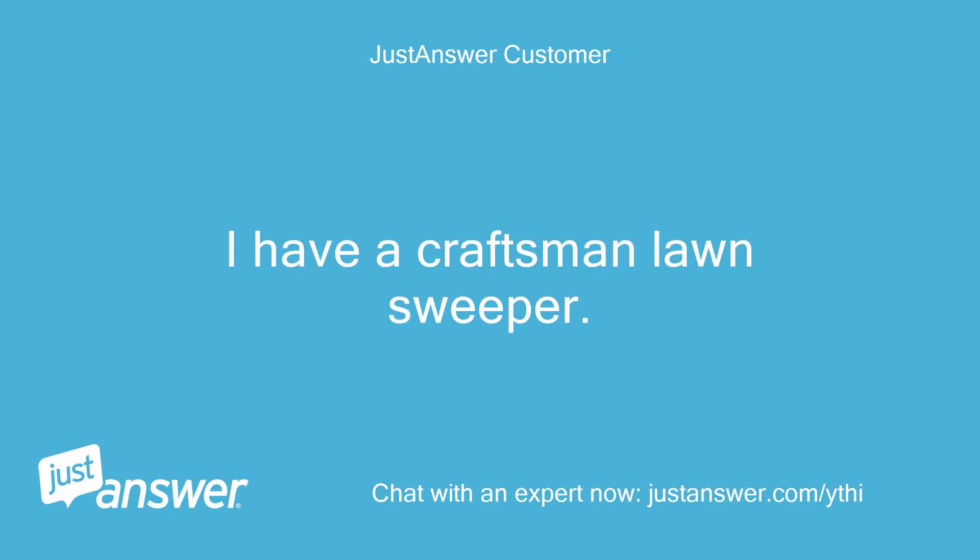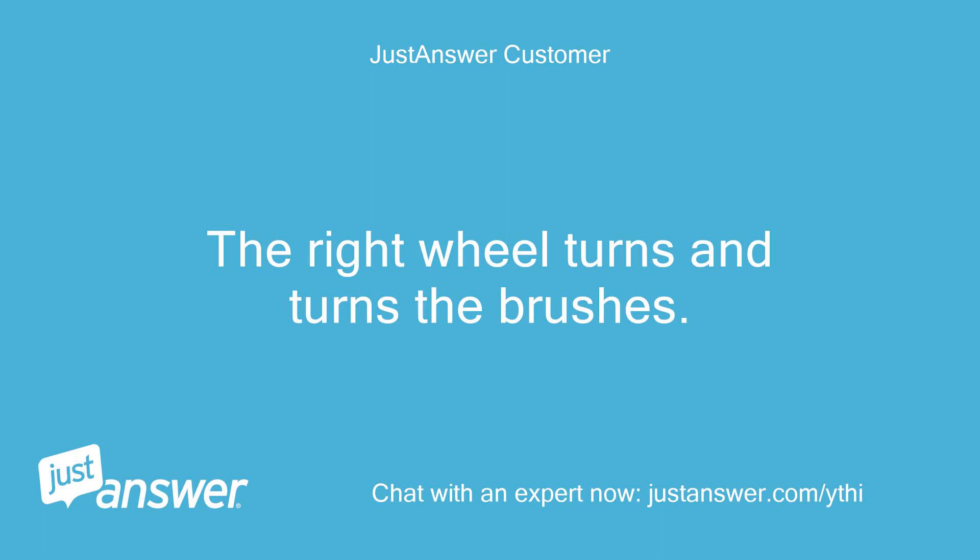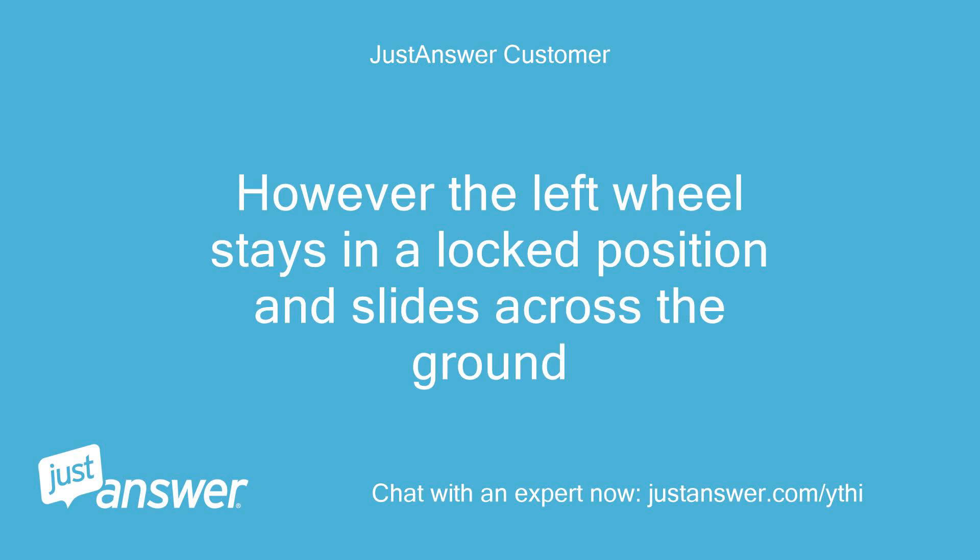I have a Craftsman Lawn Sweeper. The left wheel is in locked position. The right wheel turns and turns the brushes. However, the left wheel stays in a locked position and slides across the ground.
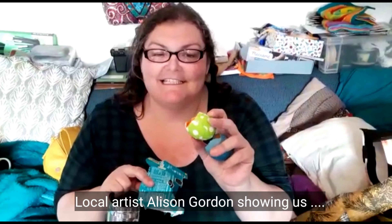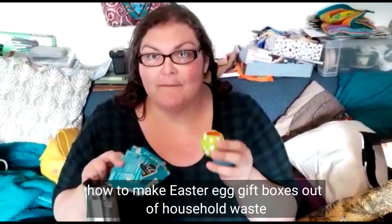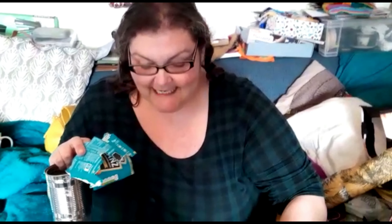Hi, Alison here showing you how to make delightful little Easter egg gift boxes from eggs out of nothing that you might just have lying around your house. So what you'll need is an egg — an already used egg that you might have had an omelette with — and tins of food with the labels. You're going to use the labels for this, so you'll already have some of these in your cupboard just waiting for you to go and get them.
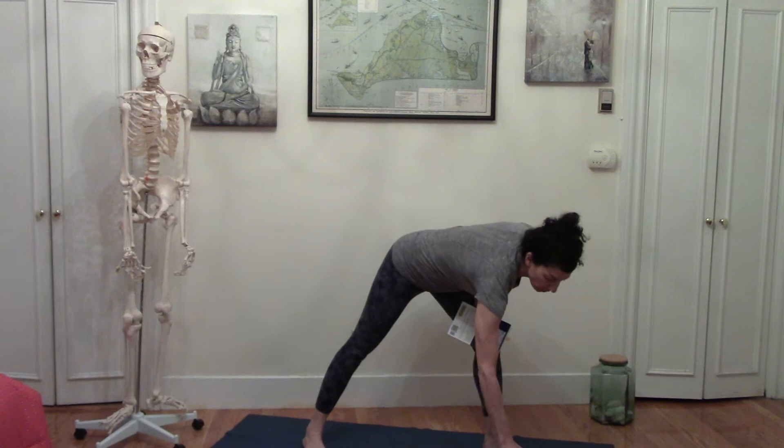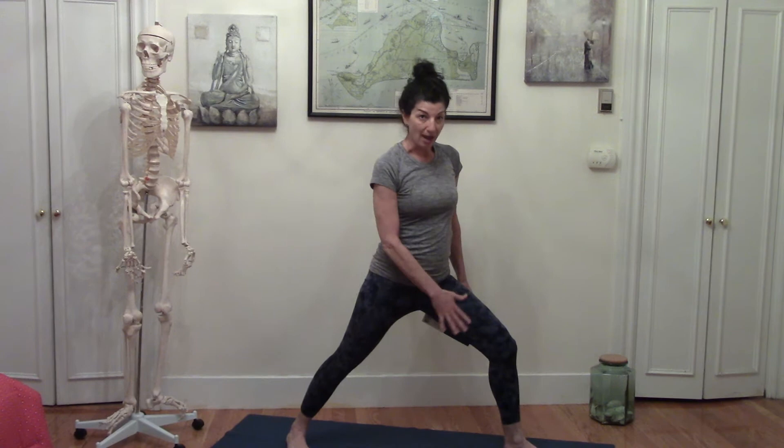The first theme we're going to talk about is this idea that wider is steadier and narrower is not. Let's look at that as it relates to something like warrior one. If I come into a warrior one position, I want to have my feet on the ground. Typically how we teach is to bring the front heel in line with the back heel, or to the instep of the back heel — something that's pretty narrow. And as I try to steady myself, it's harder because there's not a lot of width.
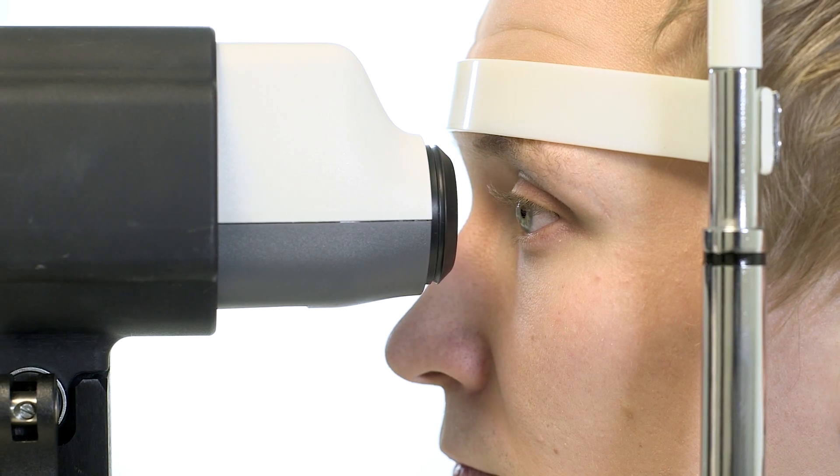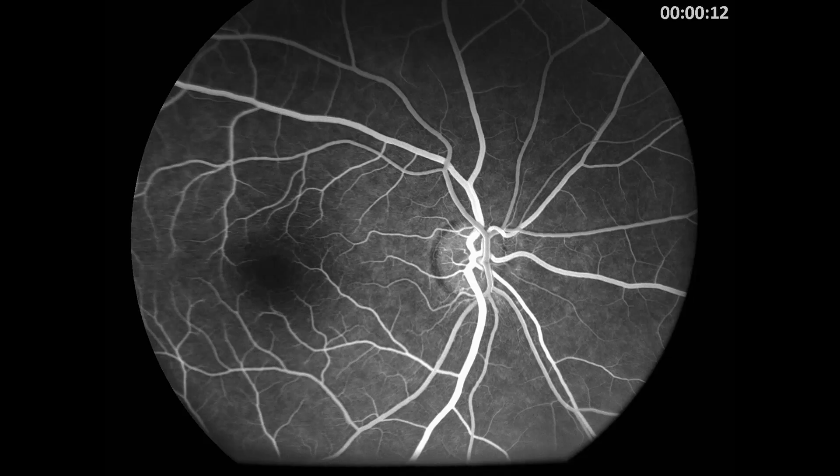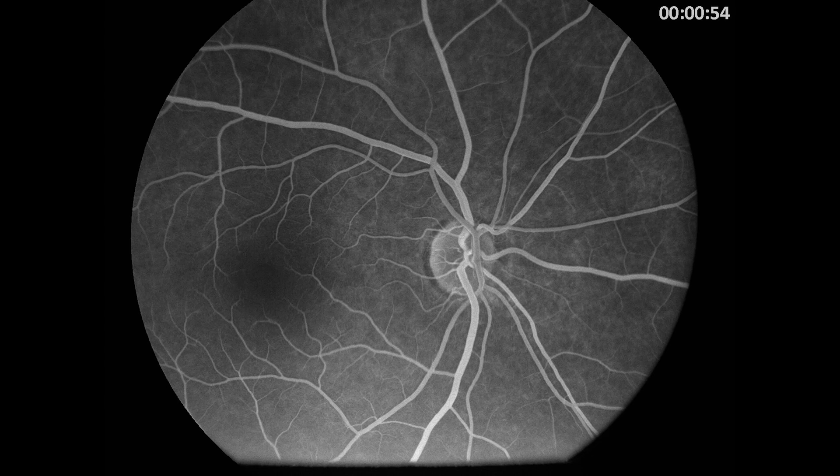The complete test procedure is divided into early phase, mid phase, and late phase. In the early phase, the doctor will interpret circulation in arteries and venous. In the mid phase, the doctor will interpret filling of dye throughout the retina bed and microvascular circulation.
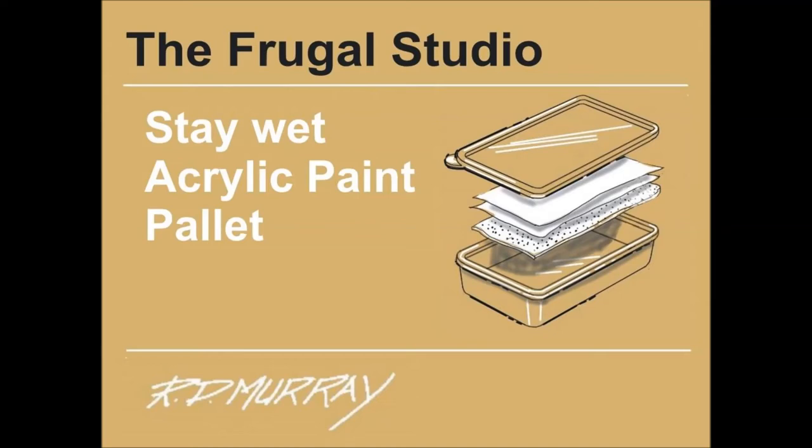Welcome to the Frugal Studio. Acrylic paint dries very fast and you can end up wasting a lot of paint. Here's a way of preserving your paint using a homemade stay-wet palette.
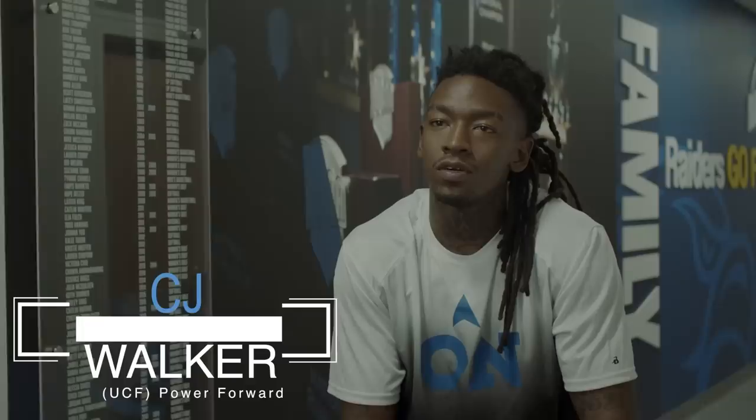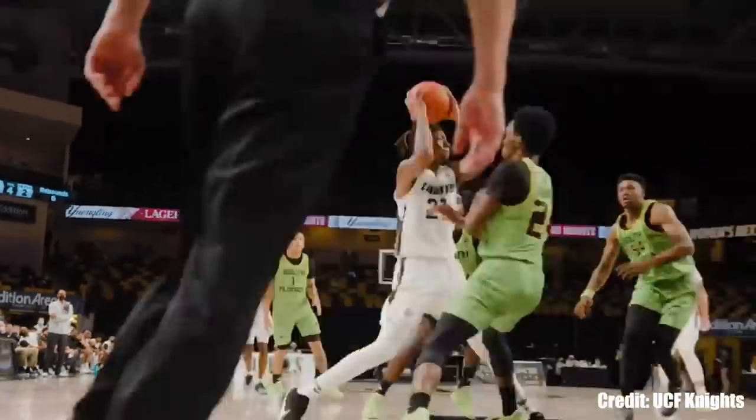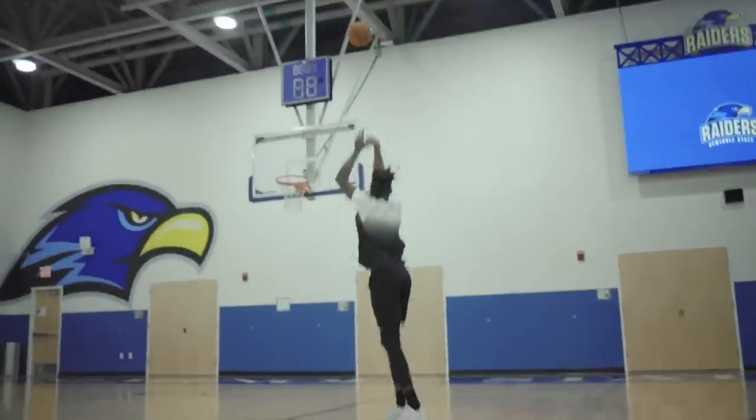The thing I like most about playing basketball is probably the crowd. I've been playing basketball since I was about seven, eight, as far as I can remember. My name is CJ Walker. I'm a power forward at the University of Central Florida. I picked up the interest early playing basketball because everybody at the parks, pretty much that was the main sport I looked at. It was the main sport on TV. I had the hype for it.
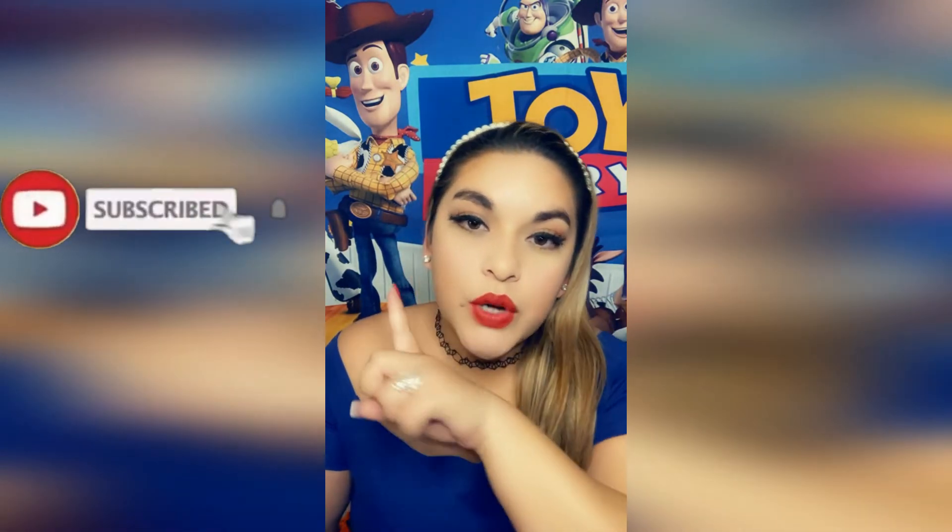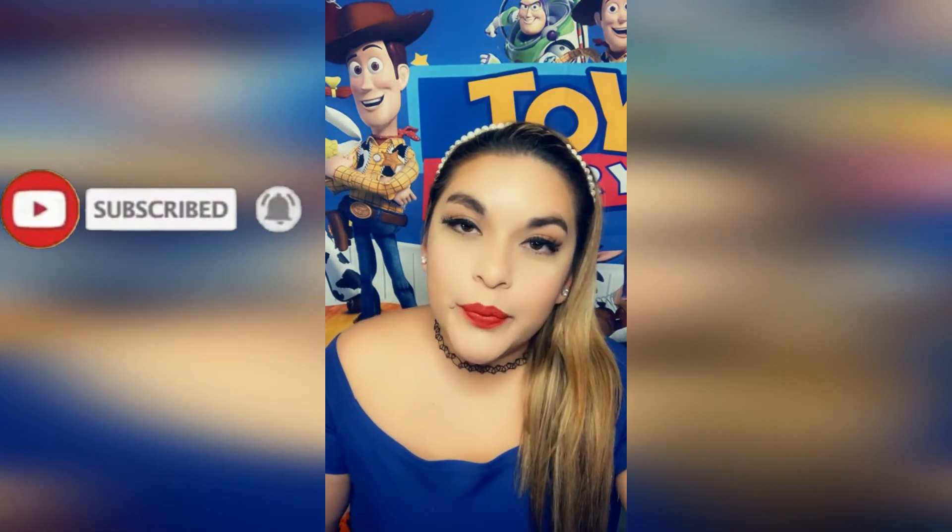Thanks for watching! I hope you guys enjoyed this video. Give it a thumbs up, subscribe to my channel, and see you in the next video. Bye-bye!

•••••

Write out exactly the lines of the material above, starting with the first and finishing with the line that contains "The complete test", without pictures.

_RESULT OF THIS EXERCISE_
I have a Craftsman Lawn Sweeper. The left wheel is in locked position. The right wheel turns and turns the brushes. However, the left wheel stays in a locked position and slides across the ground.
Hi, Alison here showing you how to make delightful little Easter egg gift boxes from eggs out of nothing that you might just have lying around your house. So what you'll need is an egg — an already used egg that you might have had an omelette with — and tins of food with the labels. You're going to use the labels for this, so you'll already have some of these in your cupboard just waiting for you to go and get them.
The first theme we're going to talk about is this idea that wider is steadier and narrower is not. Let's look at that as it relates to something like warrior one. If I come into a warrior one position, I want to have my feet on the ground. Typically how we teach is to bring the front heel in line with the back heel, or to the instep of the back heel — something that's pretty narrow. And as I try to steady myself, it's harder because there's not a lot of width.
The complete test procedure is divided into early phase, mid phase, and late phase. In the early phase, the doctor will interpret circulation in arteries and venous. In the mid phase, the doctor will interpret filling of dye throughout the retina bed and microvascular circulation.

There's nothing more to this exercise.